Si bien hay una clara metáfora del paso de la niñez a la vida adulta —la madurez sexual, la búsqueda de libertad y el cuestionamiento de las obligaciones impuestas por los mayores—, el guión de David Turpin es endeble y solo es llevadero por los lúgubres y logrados escenarios en donde transcurre. Y aunque existe otra lectura posible, como la de la liberación de Irlanda del yugo inglés —en este caso Rachel sería la que encarna a esa Irlanda que se subleva a los mandatos ancestrales y rompe las cadenas del sometimiento al decidir dejar la mansión— me parece una idea un poco rebuscada. Aunque algo de esto deslizó el director cuando presentó la película en el 50 Festival de Cine Fantástico de Sitges.
Palabras más, palabras menos, Brian O´Malley también aclaró que su meta era hacer una obra estéticamente oscura, centrándose más en la fotografía y en recrear los ambientes propios del Romanticismo, dejando de lado todo lo demás.
Es cierto que hay una predisposición a profundizar la historia mediante el pretexto de una guerra que no se muestra pero que el soldado Dessie (un inexpresivo Moe Dunford) demuestra mediante su pierna amputada, o el abogado de la familia Birmingham (un demasiado extrovertido David Bradley) que visita la casa para anunciar a los hermanos que su fortuna está prácticamente agotada y que la única salida es vender la mansión para pagar sus deudas, pero no es suficiente.

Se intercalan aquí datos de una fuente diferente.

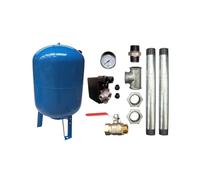 Kit Surpresseur Eau Vertical 300l - 1" Avec Pressostat Et Manomètre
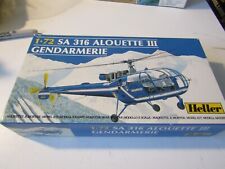 Usado, Kit Modelo de Heller Alouette Gendarmería 1/72 80286 Envío Gratuito segunda mano  Embacar hacia Argentina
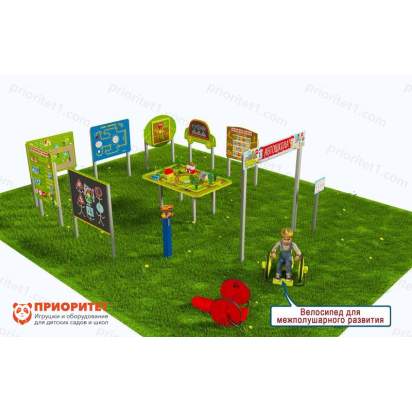 Детская профориентационная игровая площадка АВТОШКОЛА (Оптима-1) (1)_1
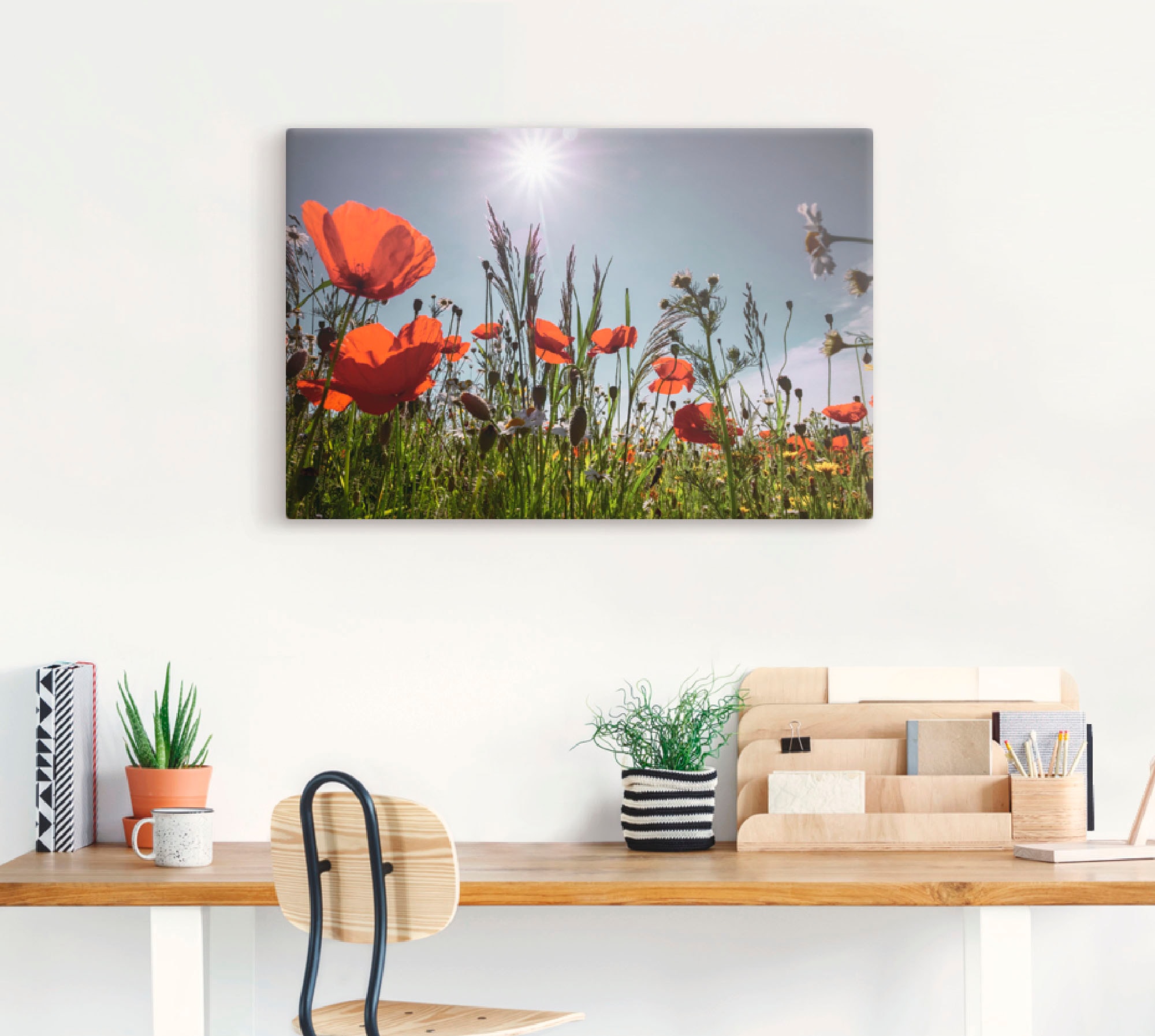 Artland Wandbild »Mohnblumenwiese«, Blumenwiese, (1 St.), als Alubild, Outdoorbild, Leinwandbild, Poster in verschied. Größen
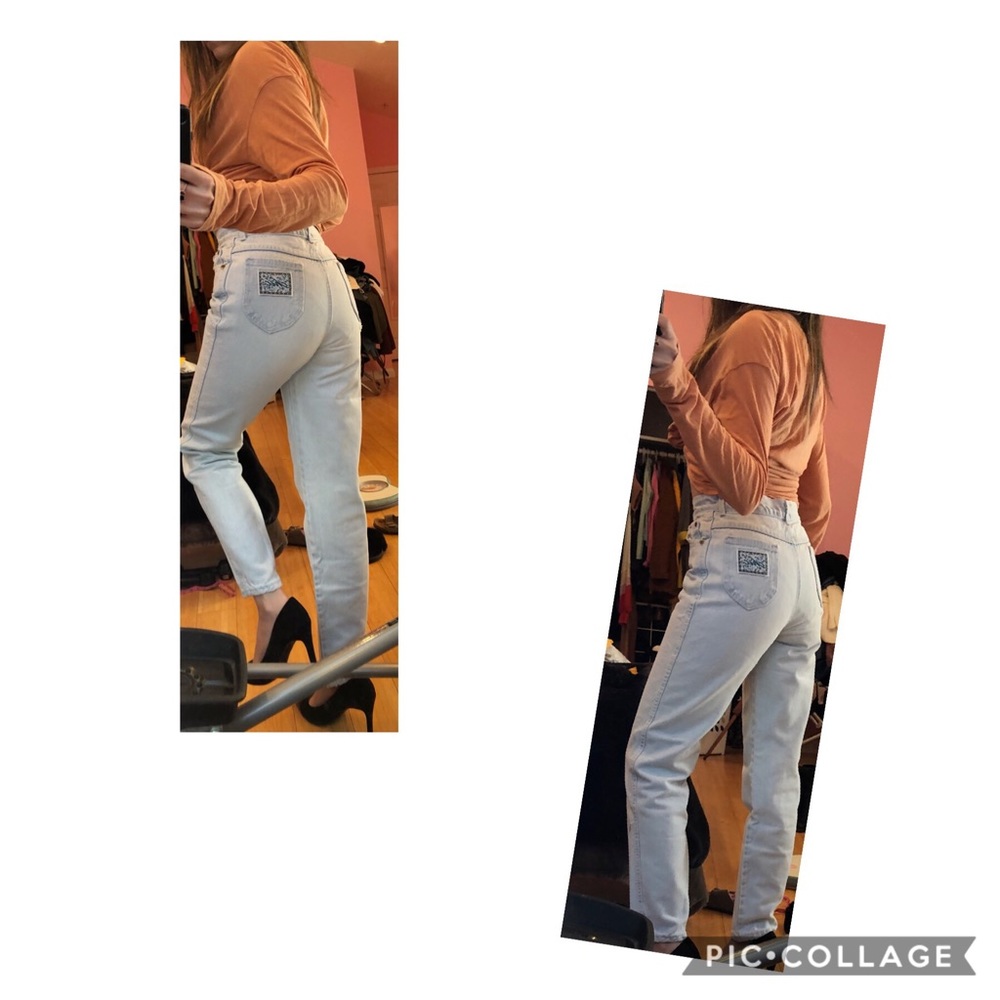 Rare! Vintage Chic High Waisted Mom Jeans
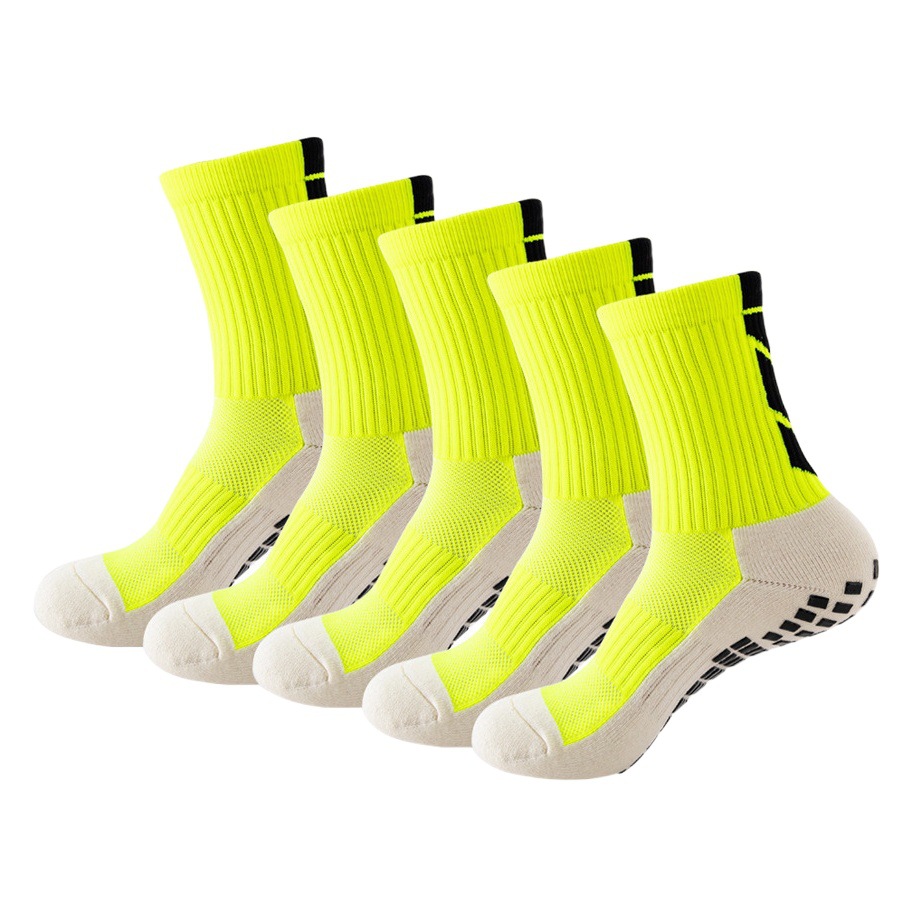 Cross-border popular football socks men's mid-calf socks sole non-slip dispensing towel bottom running socks basketball socks training special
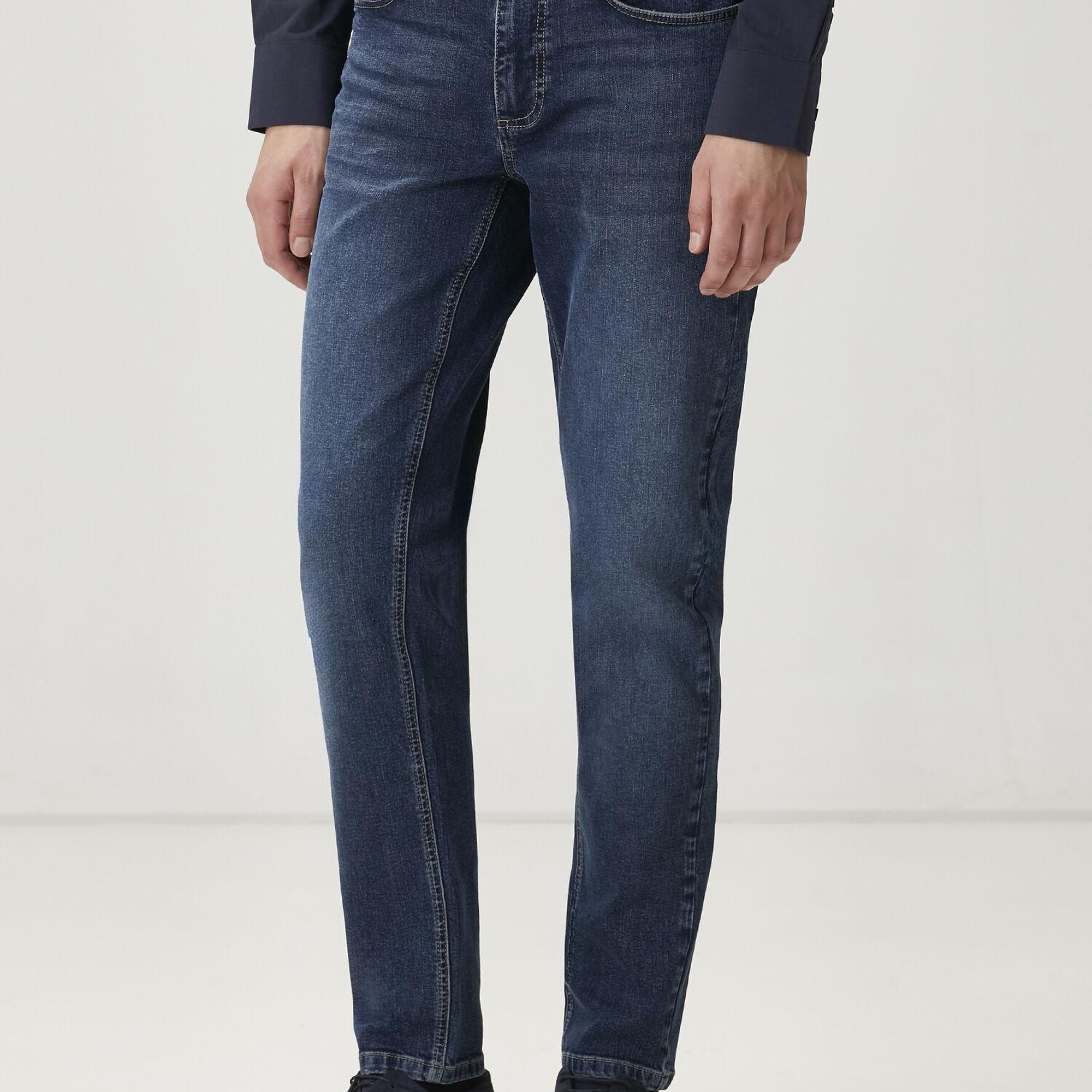 Beymen Club Erkek Mavi Yıkamalı Slim Fit Jean Pantolon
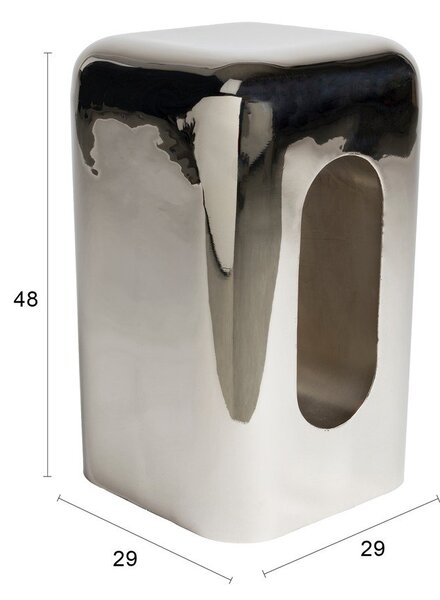 Tavolino in metallo 29x29 cm Creek – Zuiver
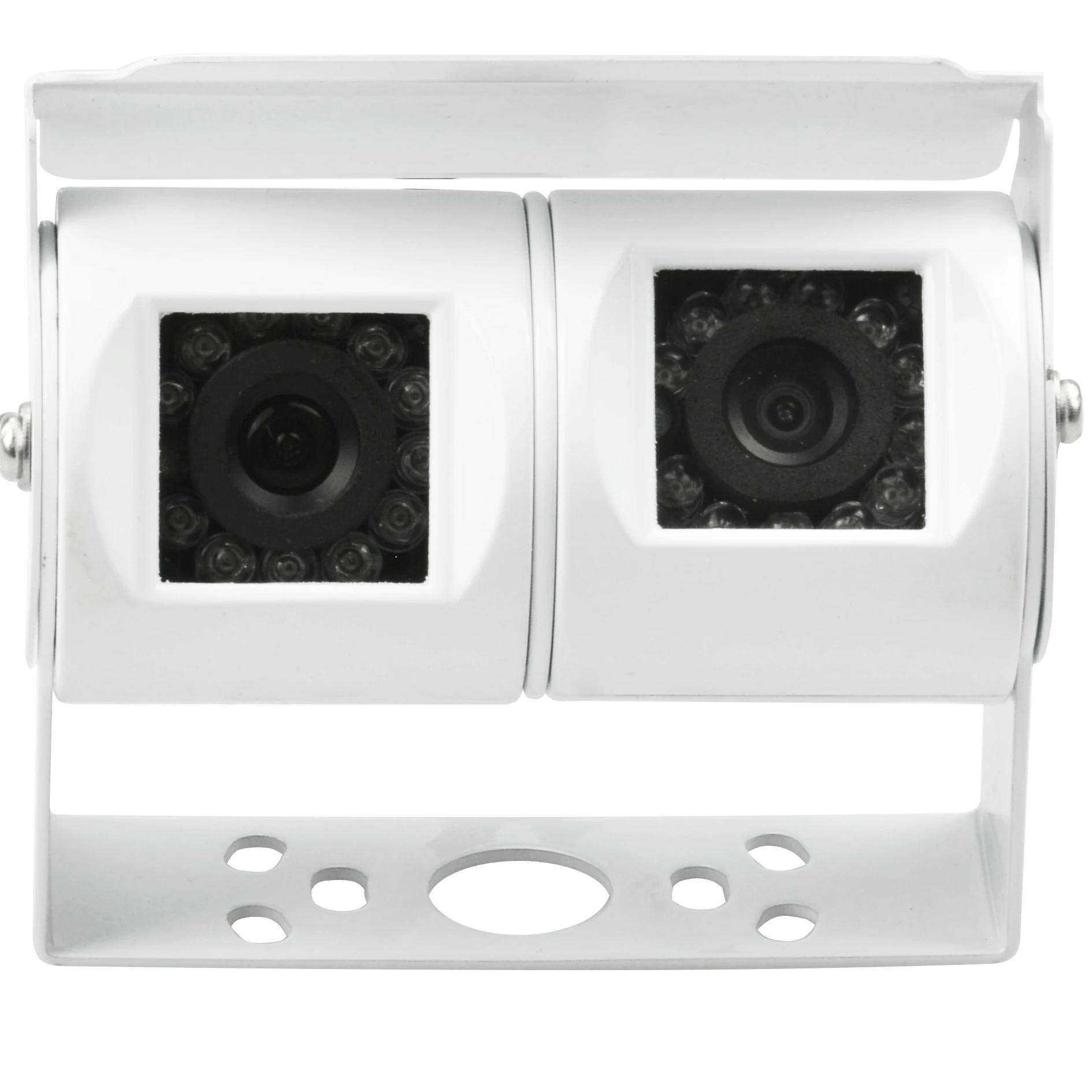 Motorhome Camera Dual Lens Rearview 95degree 120degree view angle backup car reversing aid camera white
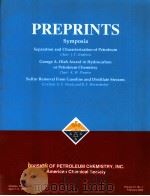 PREPRINTS  Symposia     PDF电子版封面    J.F.Schabron  K.W.Plumlee 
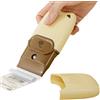 Generic Raschietto adesivo, taglierino per rimuovere adesivi, dispositivo per rasatura a doppia lama, strumento manuale per la pulizia resistente, multiuso con manico ergonomico per pavimenti, auto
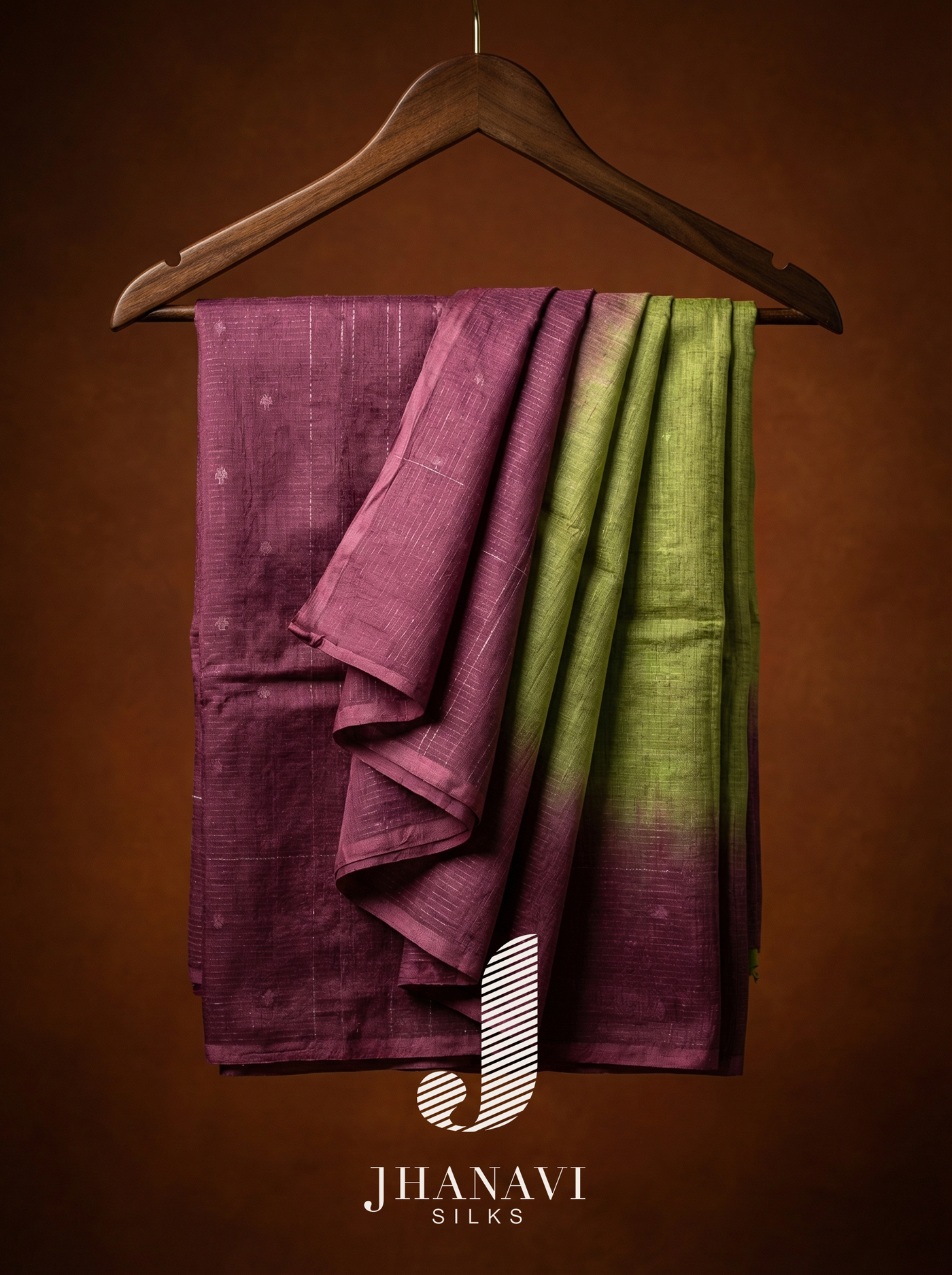 Tussar  Saree – Purple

La que se lleva todos los aplausos es la actriz española Charlotte Vega —curiosamente empezó su carrera con una serie de terror filmada por 12 estudiantes de la ESCAC de Barcelona, llamada Los Inocentes— que sobrelleva sobre sus hombros todo el peso de la película, y lo hace con convicción, talento y una buena dosis de lirismo.
Los Inquilinos es una película que cumple con todos los requisitos del género, pero para no sucumbir en la trampa en la que cayeron las novelas góticas del siglo XIX —repetición de clichés y lugares comunes— tendría que haber dado una vuelta de tuerca, al mejor estilo Henry James, para no caer en el olvido.